Trent University has been working on a curriculum map that includes the six core competencies identified in the framework, abstract submissions to disseminate the project, submission of a manuscript, partnerships, and knowledge translation materials. Trent has also appointed an Aboriginal Enrolment Advisor to assist Aboriginal nursing students and their families who are considering enrolling at the University.
Laurentian University developed learning resources for students to be able to provide culturally competent and safe practice with Aboriginal peoples including "Nursing Practice with Aboriginal Peoples: A Nursing Student’s Guide to Cultural Competence and Cultural Safety".

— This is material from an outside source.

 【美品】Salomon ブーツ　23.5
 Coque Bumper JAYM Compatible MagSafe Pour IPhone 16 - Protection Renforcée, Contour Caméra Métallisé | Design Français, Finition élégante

Nova Scotia Community College (NSCC) developed a course (30 hours) called ‘Aboriginal Cultural Competence and Cultural Safety’ which will enable students to provide culturally safe care, build relationships and understanding of Aboriginal clients. They are currently doing an evaluation of the courses for potential expansion to other campuses at NSCC.
Saint Francis Xavier University held a one day workshop entitled ‘Integrate Cultural Competency and Cultural Safety into Curriculum’ which Aboriginal community members attended. They are currently adding more Aboriginal content into their curriculum.
The reports from the six schools of nursing are now available in the resource "Cultural Competency and Cultural Safety Curriculum for Aboriginal Peoples".
B. Continuing Education Project with Canadian Healthcare Association:
C.I.N.A worked with the Canadian Healthcare Association on the development, implementation and evaluation of distance learning continuing education materials. The ‘Cultural Competence and Cultural Safety in Health Services’ course is now available through the Canadian Healthcare Association (CHA). Registration for the course is ongoing, see the CHA for details.
Research and Information Dissemination Project:
The C.I.N.A is working on a research project (2010-2012), titled ‘Cultural Readiness in Schools of Nursing’. Information will be available at the 2011 National Forum "Sustaining a healthy Future: from Indigenous Knowledge to Cultural Safety" and the final report will be available in spring of 2012. This study involved a survey of English speaking schools of Nursing affiliated with CASN as well as in-depth interviews with selected schools of nursing. As a part of this project, C.I.N.A has completed an annotated bibliography on cultural safety which can be used as part of a research project or stand alone as a source of current research on cultural safety.
It is hoped that a similar study can be done in the near future with Francophone schools of nursing as well as with Practical Nursing programs.